Just wondering as my tank is just a low light tank and i'm looking for inspiration for decorating and plants and fish and such and was hoping theire might be a good thread or area that has all that.

Would this be a good thread to maybe start? "Pics of your low light tanks"

Thanks

Cindy


----------



## TFish5 (Jul 12, 2011)

http://www.plantedtank.net/forums/low-tech-forum/99729-low-tech-tank-show-tell-low.html
Some of these do have higher lighting, but there are also some very low lit tank as well. I like the idea of having a low light thread, compared to a "low-tech"...


----------



## CKJ (Oct 3, 2008)

Oh yah I love that thread. Was up till 2am the other night going through that and still didn't finish looking at all the pics. Took a good long time to get through that and so many beautiful tank pics but most all it seems don't have low lighting really.
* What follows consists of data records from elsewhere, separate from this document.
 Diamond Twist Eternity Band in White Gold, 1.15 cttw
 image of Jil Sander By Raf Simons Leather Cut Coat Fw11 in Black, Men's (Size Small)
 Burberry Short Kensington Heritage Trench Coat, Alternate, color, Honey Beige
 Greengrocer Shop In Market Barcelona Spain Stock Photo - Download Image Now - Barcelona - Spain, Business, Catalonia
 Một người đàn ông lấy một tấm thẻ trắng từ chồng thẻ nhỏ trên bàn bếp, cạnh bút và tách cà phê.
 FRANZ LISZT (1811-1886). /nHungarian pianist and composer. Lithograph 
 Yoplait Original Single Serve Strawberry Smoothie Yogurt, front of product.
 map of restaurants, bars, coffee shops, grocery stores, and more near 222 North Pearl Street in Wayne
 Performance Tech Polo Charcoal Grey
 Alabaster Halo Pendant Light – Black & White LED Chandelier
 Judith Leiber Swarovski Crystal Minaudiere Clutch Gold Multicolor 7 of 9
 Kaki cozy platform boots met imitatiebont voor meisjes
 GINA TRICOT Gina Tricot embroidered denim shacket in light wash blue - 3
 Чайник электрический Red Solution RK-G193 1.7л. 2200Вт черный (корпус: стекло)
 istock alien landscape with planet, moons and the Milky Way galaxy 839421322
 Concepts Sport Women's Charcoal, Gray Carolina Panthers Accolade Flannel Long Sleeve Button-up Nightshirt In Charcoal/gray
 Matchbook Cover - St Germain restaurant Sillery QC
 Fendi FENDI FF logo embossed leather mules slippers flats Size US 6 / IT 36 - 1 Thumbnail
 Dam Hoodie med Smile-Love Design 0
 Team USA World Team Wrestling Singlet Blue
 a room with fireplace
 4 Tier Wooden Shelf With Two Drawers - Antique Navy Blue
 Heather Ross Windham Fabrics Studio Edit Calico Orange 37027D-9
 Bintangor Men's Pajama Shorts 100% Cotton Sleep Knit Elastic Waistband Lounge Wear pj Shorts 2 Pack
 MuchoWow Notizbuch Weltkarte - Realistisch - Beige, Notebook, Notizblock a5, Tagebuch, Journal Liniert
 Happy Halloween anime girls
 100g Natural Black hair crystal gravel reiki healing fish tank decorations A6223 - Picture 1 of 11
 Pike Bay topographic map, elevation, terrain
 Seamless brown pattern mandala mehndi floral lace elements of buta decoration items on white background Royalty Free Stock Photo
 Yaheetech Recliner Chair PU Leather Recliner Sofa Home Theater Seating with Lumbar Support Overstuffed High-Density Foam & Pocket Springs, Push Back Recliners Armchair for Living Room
And i've been though the low light plant list and I love that thread too.

Thanks


----------



## BBradbury (Nov 8, 2010)

*Low Light Tanks*

Hello CKJ.. 

I love that idea! I don't think it would hurt to post a pic of one of my low light, low tech tanks. This one is an old time 55 G I picked up quite a while ago. Don't think they even make 55 Gs with the dimensions of this one any more. Anyway, I have one 6500 K, 40 watt, T12 bulb and quite a number of plants in it. I use this tank to experiment with plants and liquid ferts to see what happens if anything.

B


----------



## CKJ (Oct 3, 2008)

Thank you BBradbury for showing me a pic of your low light tank! Hopefully others will too!

My poor tank needs some tlc for sure! It's been without fish for some time. I kept the filter and everything going. And a friend just gave me all his fish. 

2 rainbows
1 golden gourami
2 buenos aries tetras
1 bloodfin tetra
1 unknown tetra?
1 common pleco
1 otto
1 albono cory
1 other kind of cory
1 unknown loach

My tank is over run with java moss and there are some java ferns, anubias and anubias petite in there too. Used to have some penny wort that did pretty good for awhile too but haven't had much luck with swords and anything else.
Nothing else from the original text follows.